このスクラメイジャーへのチャレンジは、かなりタフだったと檜山は言う。
「岩ですね。本当に。…苦しい思いをしながら、ちょっとずつ成長できました。日本代表になる人とたった1年間でも組めたことは、自分のいい経験になっていて、多少なりともいまに繋がっています」
高い壁に挑み続けたおかげか、3人が卒業した’24年度にはチームのレギュラーとなった。スクラム、突進と様々に存在感を示した。身長176センチ、体重106キロの体躯で駆け回った。
1月2日、東京・国立競技場。
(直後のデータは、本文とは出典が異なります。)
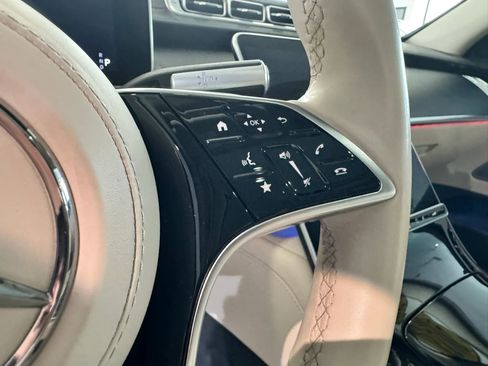 Used 2022 Mercedes-Benz S 580 4MATIC Sedan w/ AMG Line Package image 33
大学選手権の準決勝で、結果的に優勝する帝京大に26-34で惜敗した。
この午後は前半、自ら作ったラックで相手に絡まれ、ボールを手から離せないことがあった。もっともハーフタイム以降は、地面に球の置く際の速さ、腕の伸ばし方を修正。「普段の練習から詳細にこだわろうと話していた。それが(成果として)出た」と、普段の意識づけについて語った。身体能力のみに依存せず、基本を重んじる。
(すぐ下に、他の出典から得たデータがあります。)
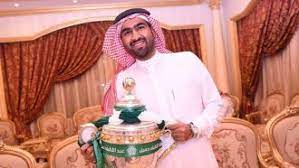 تقدم قناة الأهلي مجموعة متنوعة من البرامج الرياضية المختلفة التي يمكن ضبط التليفزيون على تردد قناة الأهلي الجديد على النايل سات باتباع الخطوات. Ø±Ø¦ÙŠØ³ Ø§Ù„Ù†Ø§Ø¯ÙŠ Ø§Ù„Ø£Ù‡Ù„ÙŠ Ø§Ù„Ø³Ø¹ÙˆØ¯ÙŠ ÙŠÙƒØ´Ù Ø­Ù‚ÙŠÙ‚Ø© Ø±Ø­ÙŠÙ„ Ø¹Ù…Ø± Ø§Ù„Ø³ÙˆÙ…Ø© ÙˆÙŠØ¹Ø¯ Ø§Ù„Ø¬Ù…Ø§Ù‡ÙŠØ± Ø¨Ù…ÙØ§Ø¬Ø£Ø© Ù…Ù† Ø§Ù„Ø¹ÙŠØ§Ø± Ø§Ù„Ø«Ù‚ÙŠÙ„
もともと不得手だったというタックルも、大学の杉本晃一コーチの教えで技術的に改善した。
「入る時のインパクトの出し方、相手へのバインド、足の運び…。細かいことを教えていただきました。小さい積み重ねが(実戦に)出ているのかなと思います」
今季の20歳以下日本代表へはコンディションの都合上不参加も、その実力は多くの関係者が認めるところだった。このほど、2月から始動するジャパンタレントスコッドに名を連ねた。日本代表の首脳陣がトレーニング、海外遠征を通し、国際舞台に臨むマインドセットを植え付ける試みである。
当の本人はかねて、代表入りを目指すと誓ってきた。共働きの両親が学費を支払ってくれることを「負担しかかけていない」とし、こう言葉を選んでいた。
「ラグビー一筋でやってきたので、日本代表に選ばれて少しでも親に恩返しができるように…」
チームメイトの同期では、WTBの海老澤琥珀が日本代表の練習生となったことがある。早大の同学年にあたるFBの矢崎由高は、すでにキャップを掴んでいる。
檜山は「さすがという尊敬との気持ちがあると同時に、もっと頑張らなきゃ、とも」。常に高いレベルを見据える。